106 N. Meramec Avenue – Clayton MO 63105 – Parish Office (314) 726-1221

Notes from the Pastor’s Pen – May 14, 2023

My dad was adopted as a baby. It’s a big part of my family’s story. His birth mother placed him in a Catholic orphanage not long after birth. A young couple longing for a baby strolled among the bassinets. My father, then only a few months old, looked at the husband and smiled. The man said, “That’s my son.” They took him home and the family grew. This moment of adoption was a wonderful truth they celebrated even when my dad was a young boy. They told him, “You’re even more special than the other children, because we chose you to be our son.” My dad’s eyes well up with tears of gratitude whenever he tells the story, even eighty-three years later.

What is your story? Do we think or act like unwanted orphans? Who do we believe ourselves to be? As we continue to ponder Jesus’ resurrection, we hear him say to us this Sunday, “I will not leave you orphans.” God doesn’t leave us alone like spiritual orphans. The power that raised Jesus from the dead is the Holy Spirit, who is also called the Spirit of Adoption. He chooses us to be His children, to share God’s life forever. He gives us a future filled with hope. We are not orphans anymore! This Easter, that’s the story we should share with others. It’s the true story we are living right now.

— Father John Muir ©LPi


Notes from the Pastor’s Pen – May 7, 2023

If you had to summarize the essential core of the Christian life, what would it be? Mercy, truth, or love, perhaps? The readings today suggest another word which may surprise you. That word is priesthood.

St. Peter says to us, “You are a ‘chosen race, a royal priesthood…” To be part of a priesthood is to offer a particular sacrifice in order for the community to survive and thrive. Jesus is the great high priest because he offers the one perfect sacrifice which heals and perfects the entire human race. Peter the Apostle wants us to know that all the baptized share in this priestly ministry. The whole of our lives, including every detail, is meant to become our acceptable offering to God.

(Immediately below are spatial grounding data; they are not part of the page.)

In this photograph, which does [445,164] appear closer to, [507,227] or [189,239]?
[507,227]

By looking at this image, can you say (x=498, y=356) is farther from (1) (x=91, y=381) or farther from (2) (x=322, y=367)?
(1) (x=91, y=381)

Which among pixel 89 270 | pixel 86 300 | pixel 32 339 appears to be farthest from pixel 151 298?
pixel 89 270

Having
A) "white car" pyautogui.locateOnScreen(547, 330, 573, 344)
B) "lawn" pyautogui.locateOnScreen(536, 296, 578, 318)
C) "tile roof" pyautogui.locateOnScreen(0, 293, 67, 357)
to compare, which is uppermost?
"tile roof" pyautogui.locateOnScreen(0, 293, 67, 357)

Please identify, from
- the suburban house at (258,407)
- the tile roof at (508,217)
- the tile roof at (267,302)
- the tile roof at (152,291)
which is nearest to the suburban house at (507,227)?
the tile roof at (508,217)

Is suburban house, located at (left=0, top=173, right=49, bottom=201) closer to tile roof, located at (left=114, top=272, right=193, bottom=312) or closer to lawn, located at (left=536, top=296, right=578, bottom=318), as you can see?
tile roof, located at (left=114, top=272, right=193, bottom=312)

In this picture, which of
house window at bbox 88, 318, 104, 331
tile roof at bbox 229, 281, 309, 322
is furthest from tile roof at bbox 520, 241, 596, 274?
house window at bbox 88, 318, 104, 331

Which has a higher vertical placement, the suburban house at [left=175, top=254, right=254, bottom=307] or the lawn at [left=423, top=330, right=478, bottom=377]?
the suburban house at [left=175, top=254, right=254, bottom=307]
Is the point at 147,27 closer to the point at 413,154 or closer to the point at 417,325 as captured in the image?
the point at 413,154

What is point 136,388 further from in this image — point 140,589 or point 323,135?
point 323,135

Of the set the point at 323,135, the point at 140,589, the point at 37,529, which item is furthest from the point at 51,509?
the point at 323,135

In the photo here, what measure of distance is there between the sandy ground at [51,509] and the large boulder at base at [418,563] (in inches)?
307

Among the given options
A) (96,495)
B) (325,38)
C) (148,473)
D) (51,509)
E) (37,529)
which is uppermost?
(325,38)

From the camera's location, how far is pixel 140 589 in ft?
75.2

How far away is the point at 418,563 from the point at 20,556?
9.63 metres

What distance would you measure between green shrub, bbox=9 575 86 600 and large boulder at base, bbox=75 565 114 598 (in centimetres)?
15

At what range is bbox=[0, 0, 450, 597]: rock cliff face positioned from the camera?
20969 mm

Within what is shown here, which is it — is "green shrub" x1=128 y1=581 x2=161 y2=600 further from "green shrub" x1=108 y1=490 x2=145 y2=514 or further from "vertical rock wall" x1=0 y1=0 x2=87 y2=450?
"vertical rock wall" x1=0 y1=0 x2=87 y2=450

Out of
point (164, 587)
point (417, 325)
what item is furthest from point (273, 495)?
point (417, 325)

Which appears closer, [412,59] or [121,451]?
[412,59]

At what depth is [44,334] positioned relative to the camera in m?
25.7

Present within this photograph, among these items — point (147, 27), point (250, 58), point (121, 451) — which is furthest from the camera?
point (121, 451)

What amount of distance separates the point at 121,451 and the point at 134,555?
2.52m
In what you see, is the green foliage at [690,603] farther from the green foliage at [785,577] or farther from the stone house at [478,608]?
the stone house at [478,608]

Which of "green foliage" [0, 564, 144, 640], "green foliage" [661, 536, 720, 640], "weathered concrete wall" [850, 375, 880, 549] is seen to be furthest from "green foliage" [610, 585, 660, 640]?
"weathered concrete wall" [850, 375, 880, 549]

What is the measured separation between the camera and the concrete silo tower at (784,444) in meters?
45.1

The baptized exercise this priesthood in many ways, I’ll mention three. At Sunday Mass, in private prayer, and in daily work. At Mass, we offer the sacrifice of our lives with that of the priest, who symbolizes Christ the Priest. In our prayer, a “morning offering” prayer is a great way to offer up all the joys and sufferings of the day to come. In our daily work, we sacrifice our time, comfort, money, and energy to do good for others. All this gives the deepest possible meaning to our lives: we share in the priesthood which saves the world. That’s at the core of our faith.

— Father John Muir ©LPi

Notes from the Pastor’s Pen – April 30, 2023

Question: Does it matter what leg you kneel on when genuflecting?

Answer: Genuflection is an act of devotion that literally means “to bend the knee.” For many Catholics, it’s an almost automatic gesture that we perform before entering our pew or row of seats at Mass. But, like many of the symbols and gestures of our faith tradition, genuflecting can also be an invitation for deeper reflection.

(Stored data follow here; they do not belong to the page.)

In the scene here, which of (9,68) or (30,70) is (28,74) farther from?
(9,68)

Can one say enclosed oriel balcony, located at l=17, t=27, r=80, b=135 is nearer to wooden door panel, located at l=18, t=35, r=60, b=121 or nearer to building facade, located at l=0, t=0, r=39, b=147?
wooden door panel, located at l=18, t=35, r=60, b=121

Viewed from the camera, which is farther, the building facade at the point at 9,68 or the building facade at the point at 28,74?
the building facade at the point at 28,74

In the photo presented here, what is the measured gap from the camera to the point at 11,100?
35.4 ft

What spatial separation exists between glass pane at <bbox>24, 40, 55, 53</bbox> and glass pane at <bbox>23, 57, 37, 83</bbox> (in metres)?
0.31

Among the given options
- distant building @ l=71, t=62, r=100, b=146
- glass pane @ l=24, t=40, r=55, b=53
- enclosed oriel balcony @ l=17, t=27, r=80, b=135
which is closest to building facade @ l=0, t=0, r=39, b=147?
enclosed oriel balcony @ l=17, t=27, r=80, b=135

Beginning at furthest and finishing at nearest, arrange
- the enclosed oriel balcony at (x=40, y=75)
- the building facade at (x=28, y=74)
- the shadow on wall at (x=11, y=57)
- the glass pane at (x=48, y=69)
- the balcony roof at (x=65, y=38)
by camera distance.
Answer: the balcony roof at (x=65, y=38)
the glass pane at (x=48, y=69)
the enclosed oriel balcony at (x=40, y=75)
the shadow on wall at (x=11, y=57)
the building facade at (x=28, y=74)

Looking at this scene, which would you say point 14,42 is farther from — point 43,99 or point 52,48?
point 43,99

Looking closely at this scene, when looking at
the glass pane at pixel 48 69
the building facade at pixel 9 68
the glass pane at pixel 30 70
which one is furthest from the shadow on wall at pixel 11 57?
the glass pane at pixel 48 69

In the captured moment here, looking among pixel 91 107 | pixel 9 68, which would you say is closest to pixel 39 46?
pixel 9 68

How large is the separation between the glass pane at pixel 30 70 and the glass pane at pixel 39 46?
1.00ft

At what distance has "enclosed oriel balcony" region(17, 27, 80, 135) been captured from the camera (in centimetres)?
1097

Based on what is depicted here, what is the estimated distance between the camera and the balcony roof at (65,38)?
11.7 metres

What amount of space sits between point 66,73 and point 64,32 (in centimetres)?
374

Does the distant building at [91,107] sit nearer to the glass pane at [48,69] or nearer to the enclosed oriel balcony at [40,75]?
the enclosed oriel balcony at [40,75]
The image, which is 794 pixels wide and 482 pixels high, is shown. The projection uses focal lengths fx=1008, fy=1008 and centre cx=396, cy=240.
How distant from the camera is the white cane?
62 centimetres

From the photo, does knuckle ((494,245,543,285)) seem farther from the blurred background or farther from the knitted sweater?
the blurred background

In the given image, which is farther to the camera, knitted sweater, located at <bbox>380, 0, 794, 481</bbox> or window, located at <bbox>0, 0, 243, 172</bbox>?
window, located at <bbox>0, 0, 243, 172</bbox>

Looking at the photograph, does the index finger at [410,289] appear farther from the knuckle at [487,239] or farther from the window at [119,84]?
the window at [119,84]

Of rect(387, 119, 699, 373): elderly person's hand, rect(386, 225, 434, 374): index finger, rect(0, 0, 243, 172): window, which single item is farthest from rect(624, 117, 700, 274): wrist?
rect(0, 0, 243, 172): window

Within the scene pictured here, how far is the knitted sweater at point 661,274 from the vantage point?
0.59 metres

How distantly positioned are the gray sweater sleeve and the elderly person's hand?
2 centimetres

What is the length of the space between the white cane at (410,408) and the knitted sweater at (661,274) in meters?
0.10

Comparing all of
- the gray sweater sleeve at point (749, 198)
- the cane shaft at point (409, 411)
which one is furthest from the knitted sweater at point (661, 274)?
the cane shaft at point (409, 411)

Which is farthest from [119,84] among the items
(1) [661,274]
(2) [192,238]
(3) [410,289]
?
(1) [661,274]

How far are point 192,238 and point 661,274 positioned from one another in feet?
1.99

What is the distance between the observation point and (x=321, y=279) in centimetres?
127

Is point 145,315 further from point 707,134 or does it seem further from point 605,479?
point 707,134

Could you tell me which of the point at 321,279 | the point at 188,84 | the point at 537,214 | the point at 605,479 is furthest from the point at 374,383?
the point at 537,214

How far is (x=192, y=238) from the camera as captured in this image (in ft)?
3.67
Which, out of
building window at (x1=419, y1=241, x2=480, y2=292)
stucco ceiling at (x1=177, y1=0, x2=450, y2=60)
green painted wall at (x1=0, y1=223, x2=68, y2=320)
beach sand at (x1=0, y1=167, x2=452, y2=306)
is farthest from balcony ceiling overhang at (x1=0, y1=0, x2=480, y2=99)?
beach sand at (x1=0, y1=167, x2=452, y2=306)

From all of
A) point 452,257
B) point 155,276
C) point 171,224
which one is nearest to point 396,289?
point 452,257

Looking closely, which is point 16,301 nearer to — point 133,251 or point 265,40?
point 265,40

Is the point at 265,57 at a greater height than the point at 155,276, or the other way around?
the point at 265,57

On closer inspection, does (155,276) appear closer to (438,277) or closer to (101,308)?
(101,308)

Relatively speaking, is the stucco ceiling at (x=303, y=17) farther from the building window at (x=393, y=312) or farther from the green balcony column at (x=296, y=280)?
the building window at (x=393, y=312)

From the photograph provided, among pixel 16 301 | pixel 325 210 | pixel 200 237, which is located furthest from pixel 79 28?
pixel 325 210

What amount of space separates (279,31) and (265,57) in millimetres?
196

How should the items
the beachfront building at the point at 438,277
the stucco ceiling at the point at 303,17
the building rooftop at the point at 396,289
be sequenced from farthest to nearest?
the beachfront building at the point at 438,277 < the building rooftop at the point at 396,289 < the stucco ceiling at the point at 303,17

The practice of “bending the knee” is an ancient way of recognizing the presence of someone greater than we are. It has been said that the practice dates back to the time of Alexander the Great, but it became a common part of etiquette in the royal courts of the Middle Ages. From throne rooms and palaces, it was a small step to genuflecting, becoming part of the devotional lives of Christians who used this secular gesture as a way of recognizing the presence of the One who is King of Kings, especially in the Eucharist. In our tradition, although many have been taught or prefer to genuflect by placing their right knee on the ground, there is no prescribed way to genuflect. This is especially important to keep in mind if physical limitations or age make certain movements difficult for us.

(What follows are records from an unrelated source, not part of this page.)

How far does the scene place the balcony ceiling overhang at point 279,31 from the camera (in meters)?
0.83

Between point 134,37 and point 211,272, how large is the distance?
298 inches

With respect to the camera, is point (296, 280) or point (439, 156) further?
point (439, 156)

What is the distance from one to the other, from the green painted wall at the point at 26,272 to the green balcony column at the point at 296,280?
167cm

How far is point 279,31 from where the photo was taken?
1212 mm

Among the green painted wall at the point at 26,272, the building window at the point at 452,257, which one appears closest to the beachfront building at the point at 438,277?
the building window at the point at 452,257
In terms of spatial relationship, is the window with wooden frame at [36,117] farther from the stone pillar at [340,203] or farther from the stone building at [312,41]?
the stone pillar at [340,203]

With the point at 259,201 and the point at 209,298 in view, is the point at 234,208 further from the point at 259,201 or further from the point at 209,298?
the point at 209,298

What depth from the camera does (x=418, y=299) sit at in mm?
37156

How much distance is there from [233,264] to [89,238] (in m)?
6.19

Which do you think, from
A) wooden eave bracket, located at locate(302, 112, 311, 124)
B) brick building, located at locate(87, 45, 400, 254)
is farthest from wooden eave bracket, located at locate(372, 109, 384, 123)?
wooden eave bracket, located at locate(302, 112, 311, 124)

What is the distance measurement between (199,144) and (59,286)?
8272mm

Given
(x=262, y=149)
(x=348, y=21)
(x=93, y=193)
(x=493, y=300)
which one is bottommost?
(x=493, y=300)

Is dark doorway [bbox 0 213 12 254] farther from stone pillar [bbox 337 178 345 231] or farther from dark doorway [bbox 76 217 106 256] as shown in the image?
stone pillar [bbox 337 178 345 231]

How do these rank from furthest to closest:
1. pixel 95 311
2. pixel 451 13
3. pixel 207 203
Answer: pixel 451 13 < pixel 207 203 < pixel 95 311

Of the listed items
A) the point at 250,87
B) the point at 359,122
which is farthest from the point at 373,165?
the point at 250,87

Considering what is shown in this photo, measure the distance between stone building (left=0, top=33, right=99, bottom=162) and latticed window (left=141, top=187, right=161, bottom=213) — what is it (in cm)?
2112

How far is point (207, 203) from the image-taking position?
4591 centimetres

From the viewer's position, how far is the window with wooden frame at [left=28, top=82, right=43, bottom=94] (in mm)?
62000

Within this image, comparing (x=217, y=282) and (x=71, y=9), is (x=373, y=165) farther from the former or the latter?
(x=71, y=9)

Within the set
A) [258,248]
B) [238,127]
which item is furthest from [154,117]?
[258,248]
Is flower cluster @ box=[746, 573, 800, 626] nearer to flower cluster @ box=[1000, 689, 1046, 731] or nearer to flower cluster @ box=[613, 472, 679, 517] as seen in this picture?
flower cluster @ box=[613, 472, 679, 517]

Today, Catholics are asked to genuflect in the presence of the Blessed Sacrament(whether in the tabernacle or exposed on the altar during eucharistic adoration). So, while it has become second nature to genuflect before entering your seat in church, we should pay attention to where the Blessed Sacrament is kept in each church or chapel we visit, and genuflect in the direction of the tabernacle where the Blessed Sacrament is kept. In churches or chapels in which the tabernacle is in a separate space, we are invited to simply bow toward the altar.